# tool post grinder



## DamicoTileCo (Jan 26, 2014)

I would like to get one for my 12x24 lathe.
Tried craigslist but not sure where to look or what to look for.
Guy


----------



## Ray C (Jan 26, 2014)

TPGs can take a couple different forms.  Sometimes it's nothing more than a "dremel tool" strapped to the tool post.  Sometimes it's like this one; which is capable of precision grinding in the realm of 0.0001" accuracy.   http://www.hobby-machinist.com/showthread.php/19687-Tool-Post-Grinder-Making-a-new-one/page3  If you're interested in this one, hold on a bit and I'll post 2D drawings so you can make one yourself.

Ray





DamicoTileCo said:


> I would like to get one for my 12x24 lathe.
> Tried craigslist but not sure where to look or what to look for.
> Guy


----------



## Senna (Jan 26, 2014)

TPG's tend to demand pretty decent money. 
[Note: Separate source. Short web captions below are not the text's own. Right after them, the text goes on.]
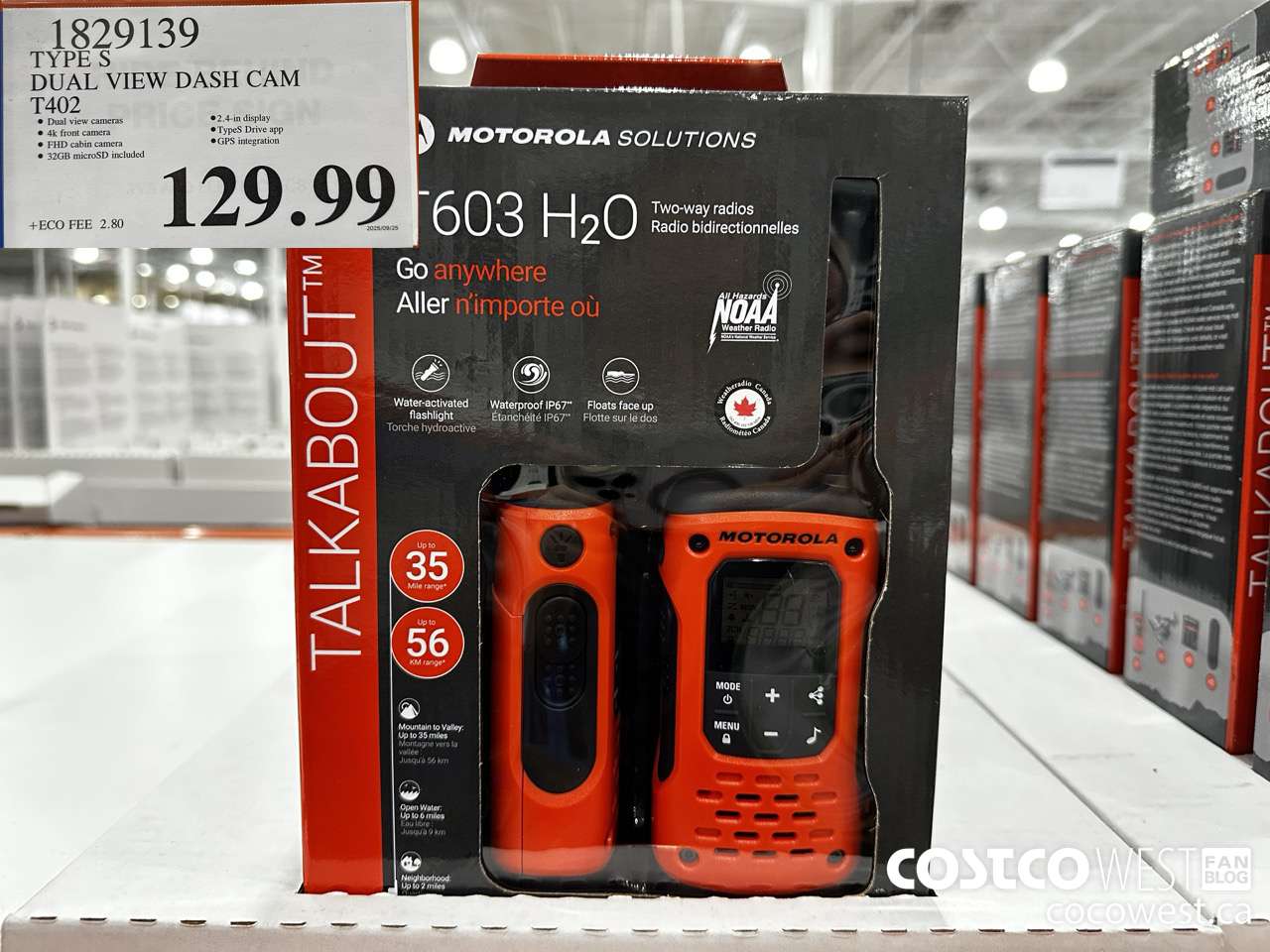 1829139 TYPE S DUAL VIEW DASH CAM T402 $129.99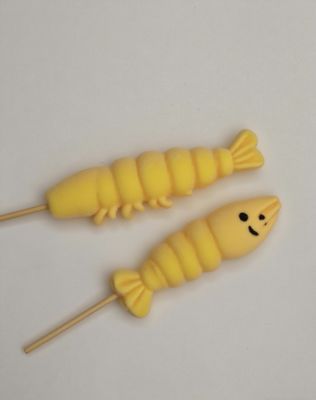 BBQ şeklindeki marshmallows kamp ateşi S'mores Vanilya Aroması Jelatin Ücretsiz parti tatlıları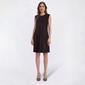 Womens Emma & Michele Sleeveless Solid Crepe Sheath Dress - image 1
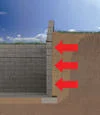 Buckling foundation wall damage in Spokane Valley, WA showing structural issues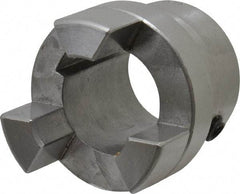 Boston Gear - 7/8" Max Bore Diam, FC15 Coupling Size, Flexible Half Coupling - 1-1/2" OD, 2.76" OAL, Steel - Exact Industrial Supply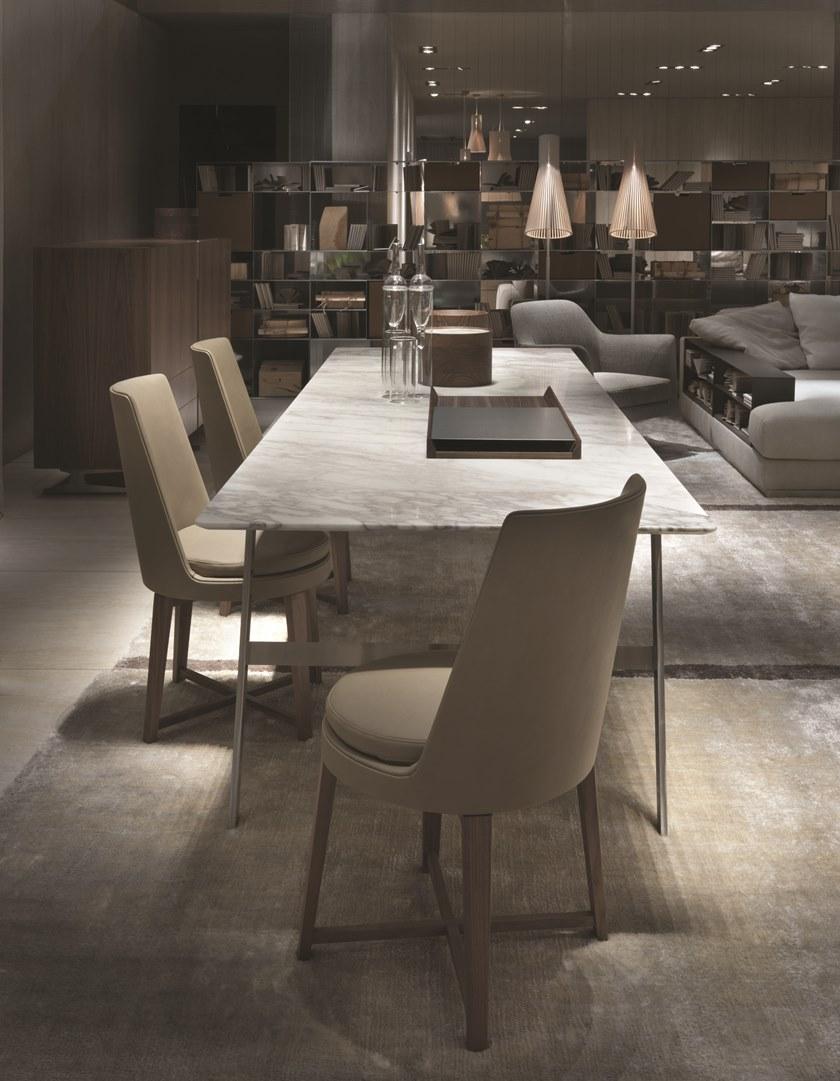 Flexform Прямоугольный обеденный стол из мрамора Soffio sun-id-1356897 - Вид №4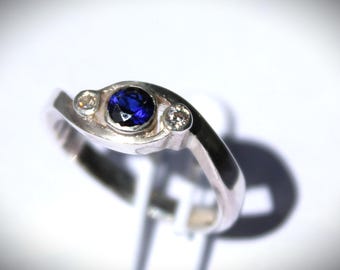 Lab Safir Silverring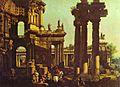 Bernardo Bellotto, Ruins of a Temple
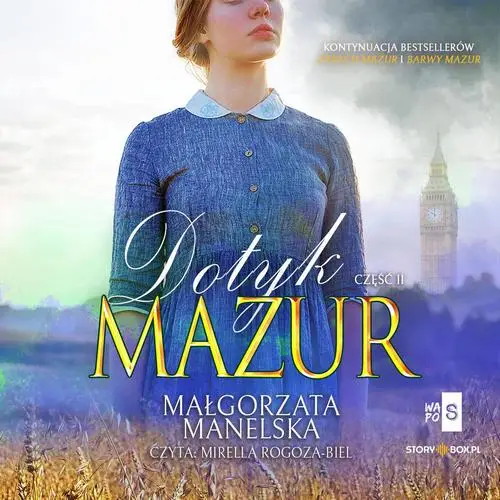 audiobook Dotyk Mazur. Część 2. Pożegnanie - Małgorzata Manelska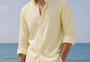 Linen Casual Shirt Yellow
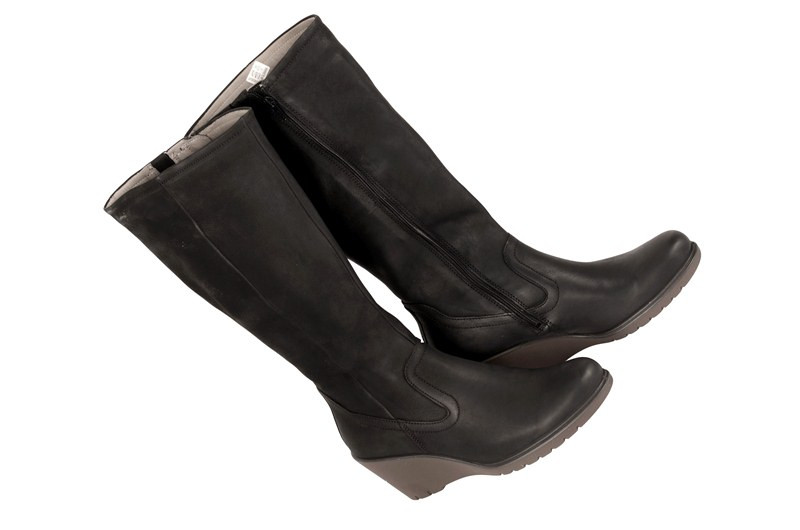 Ecco Adora Stiefel in schwarz Keilabsatz 232543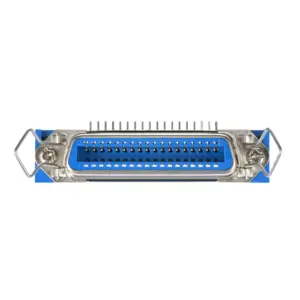 Connecteur femelle DDK femelle, 20, 14, 24, 36, 50 ou 64 broches, de type campagneur conique, à Angle droit 57, avec pince à rail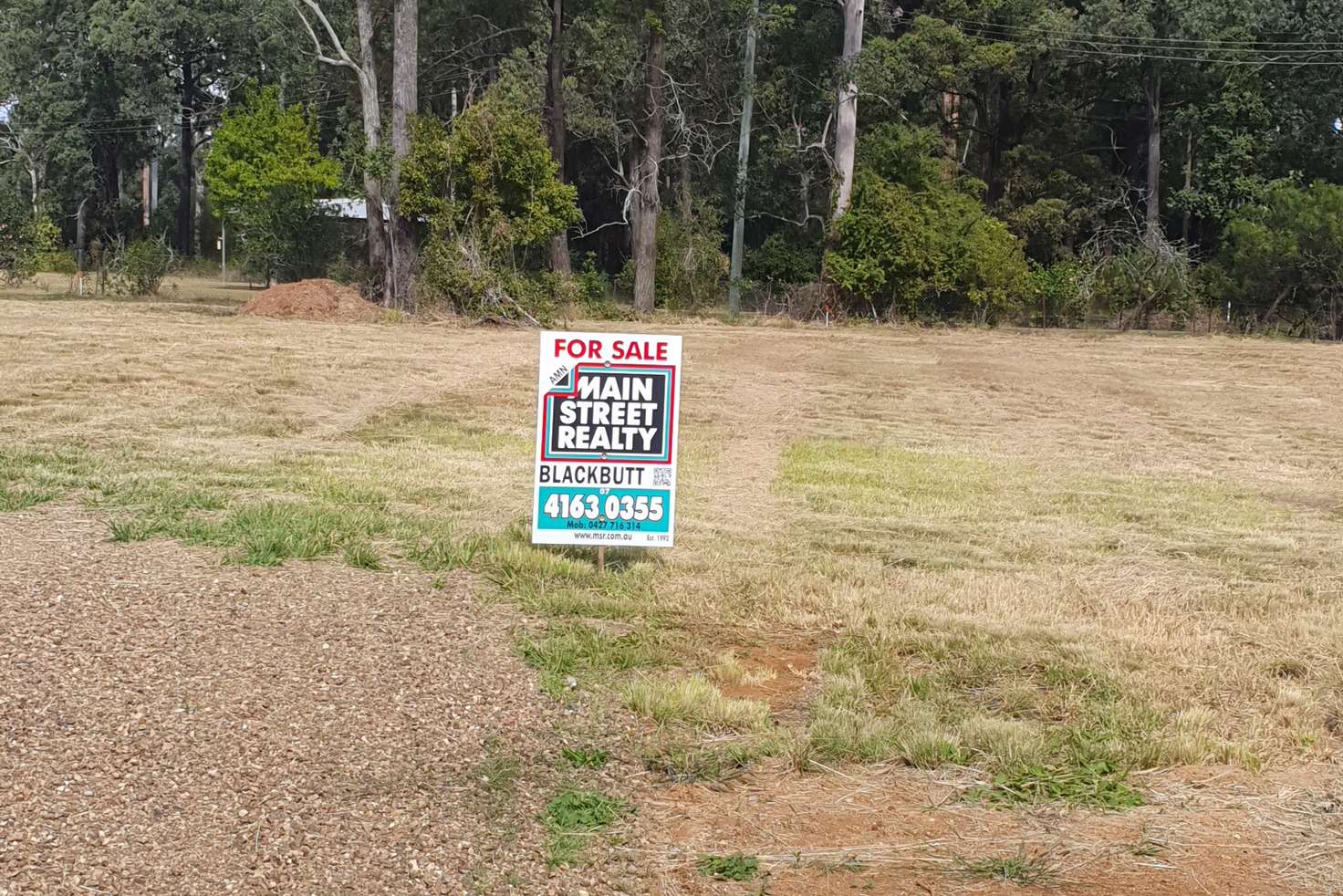 Main view of Homely residentialLand listing, Lot 4 BLACKBUTT STREET, Blackbutt QLD 4314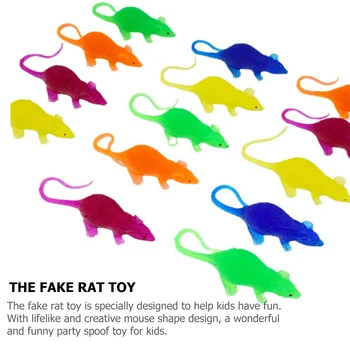 6 бр. Симулирана мини мишка Реалистични гумени плюшени играчки за бебета миниатюрни малки Изображение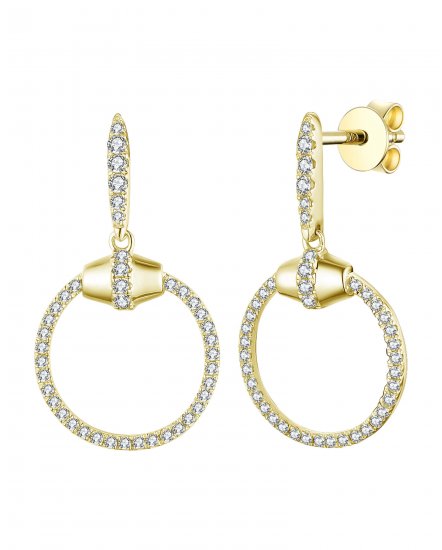 ROUND SHAPE DIAMOND DANGLING (TE1295)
By far the most common one you'll see will be one of the various Dumore models. Decent quality and plenty of spare parts available. I have a 1/2hp Dumore #5, the Master, with two spindles for both OD and ID grinding, all the pulleys, and a bunch of accessories. It's actually a pretty nice unit.
Themac makes a nice TPG and sometimes you see these for reasonable prices.
I have a shopmade TPG for my 12x36 Craftsman but it is strictly for OD grinding as it doesn't have the speed for ID work nor is the spindle long enough. It will need to get a cord and switch added as I pilfered them to use on the Dumore. If you're interested I'd sell this shopmade one. I can provide pictures.


----------



## Dresden (Mar 1, 2014)

When using one you still need to dress the wheel with a diamond point, I use a mag base when I do this, also get coarser wheels, like 30ish grit and 60 for finishing. Set the compount of the lathe to 87 degrees
and use this for fine feed, as I remember this gives you .0001 feed for each grad on the dial. Use layout ink when picking up the od of the work, when you see the ink start comming off you are in contact.
I always figured grinding was about ten times as accurate as turning,
Try lathe filing something then grind it and you will see all the waves and diameters you made.


----------